Claire Barthélémy, directrice de cours au Centre des Études Humanitaires de Genève, nous aide à comprendre le plaidoyer dans le monde humanitaire. Quels sont les objectifs du plaidoyer, comment les actions de plaidoyer sont-elles conçues, quels conseils pour être en charge du plaidoyer ? Elle nous livre son expérience sur le plaidoyer, mais aussi son point de vue sur l’aide humanitaire.

Bonjour Claire, pouvez-vous présenter votre parcours professionnel ?

Oui, bien sûr : j’ai fait six ans de mission terrain en tant que manager des programmes humanitaires, et principalement avec Médecins Sans Frontières sur différents terrains, contextes, conflits ou aussi sur des projets plus réguliers. Avant de commencer dans le milieu, j’ai fait un master en Humanitarian Program Management, dont une partie a été faite avec Bioforce en France, et l’autre partieà la Liverpool Tropical Medicine School de Liverpool.

Pour commencer, comment définissez-vous le plaidoyer ?

Je dirais que de manière générale, au-delà de l’aide humanitaire seulement, le plaidoyer c’est l’action de représenter et de défendre les intérêts de personnes et de causes spécifiques. Si on le prend dans le cadre de l’humanitaire : ce serait l’action entreprise par les organisations humanitaires afin de défendre la disponibilité, l’accès et l’acceptation des populations notamment à des services de base de qualité et à leurs droits fondamentaux. Le plaidoyer a un fort lien avec le droit humanitaire international, les droits de l’Homme, mais aussi le droit des réfugiés.

Quels sont les objectifs du plaidoyer dans le secteur de l’humanitaire ?

Je dirais entre trois et quatre objectifs. Le premier est la mise en lumière des crises politiques, sociales, environnementales ou économiques ayant finalement des répercussions humanitaires, vitales pour les populations concernées. Il a aussi la défense du droit des populations à avoir accès à des services de base et à des droits fondamentaux. Il y’a l’influence, par la persuasion ou la pression, des entités étatiques ou non étatiques, internationales, régionales, nationales ou locales, impactant les dynamiques de crises et créant des niveaux de vulnérabilités élevées chez certaines populations. Et, le dernier point, est le droit des acteurs humanitaires à proposer, à offrir, un service pour les populations vulnérables

En général, comment une action de plaidoyer est-elle conçue ?

Habituellement, elle s’intègre dans une stratégie de plaidoyer. Donc la stratégie de plaidoyer va définir des objectifs qui sont notamment les quatre objectifs principaux évoqué juste avant. À l’intérieur de ces objectifs, nous décidons de quel type d’action nous avons finalement envie d’entreprendre. Certaines actions sont la mobilisation ciblée des personnes ou la mobilisation de masse ou la désobéissance civile. Il peut aussi y avoir le lobbying, la dénonciation publique, par exemple, des violations commises par certains acteurs. Il peut aussi y avoir la surveillance des actions en justice, l’information et l’éducation, ou même la recherche.

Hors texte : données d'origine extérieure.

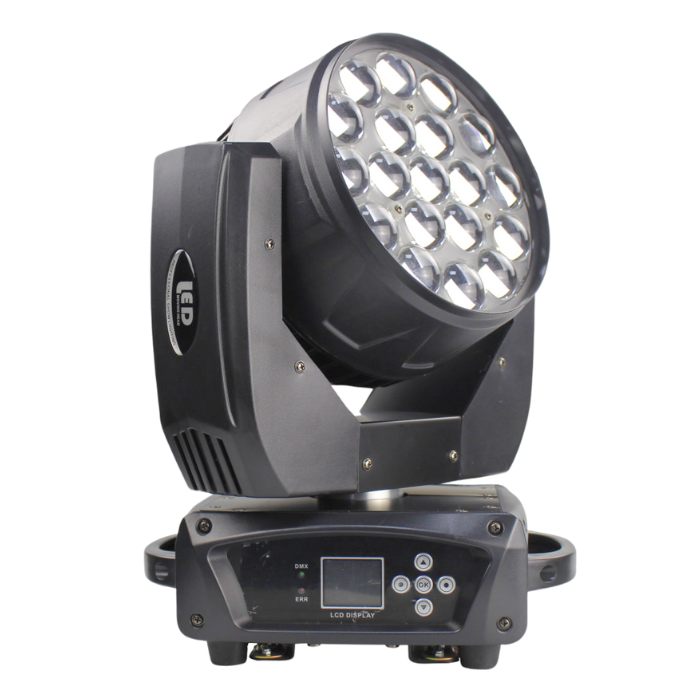 19 focal-dyed moving head lights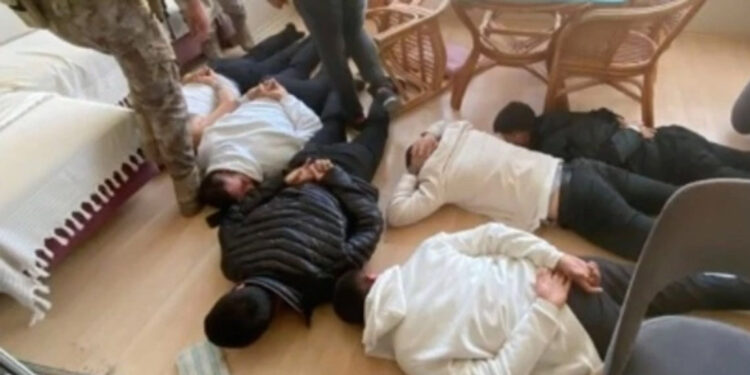 MAHZEN-4 operasyonu; 9 şüpheli yakalandı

Il est important de comprendre que le point de départ d’une stratégie de plaidoyer est initié par les opérations (de l’organisation). Mais cependant, toutes ces actions discutées sont, la plupart du temps, organisées par le département de communication de l’organisation, parce qu’il doit mettre en place les stratégies de communication, les plans médias, les positionnements publics, etc.

Pouvez-vous nous partager quelques actions de plaidoyer que vous avez appréciées ?

Il y en a deux qui me viennent en tête. La première campagne s’appelle Sweety, elle a été faite par Terre Des Hommes pour essayer de dénoncer la pornographie en ligne. Pourquoi elle m’a interpellé spécifiquement ? C’est parce qu’il y avait le questionnement du rôle d’une organisation humanitaire et jusqu’où elle peut aller en termes légaux avec cette campagne. En fait, Terre Des Hommes, a poussé jusqu’à devenir un agent de police en participant à l’arrestation de certains pédophiles qui sont en ligne et qui profitent des enfants. Jusqu’où pouvons nous aller en tant qu’acteur humanitaire pour le plaidoyer ?

La deuxième campagne de plaidoyer était intéressante pour montrer les enjeux entre une branche internationale d’une organisation et la branche locale et des partenaires locaux. La campagne abordait la question du VIH, entre une organisation appelée TAC et Médecins Sans Frontières d’Afrique du Sud, qui a participé de manière très étroite à cette campagne. Il y a eu énormément de discussion à l’intérieur de Médecins Sans Frontières sur comment une organisation humanitaire peut se positionner vis-à-vis des droits de l’Homme et sur les enjeux internationaux et nationaux. J’avais trouvé ces deux campagnes vraiment intéressantes.

Pendant que vous parliez, une question m’est venue à l’esprit : la neutralité est un des principes de base de l’aide humanitaire, mais est-ce que le plaidoyer est neutre ?

Alors, c’est très intéressant parce que le plaidoyer n’est pas neutre : on ne peut pas être neutre quand on défend le positionnement des populations. Donc finalement on prend parti pour des populations vis-à-vis d’un gouvernement, d’une entreprise internationale ou des multinationales. On va essayer de rendre le message accessible à diverses audiences pour que les populations puissent faire entendre leur voix. Personnellement, je ne pense pas que le plaidoyer soit neutre.

Y a-t-il des formations à effectuer pour devenir responsable de plaidoyer ?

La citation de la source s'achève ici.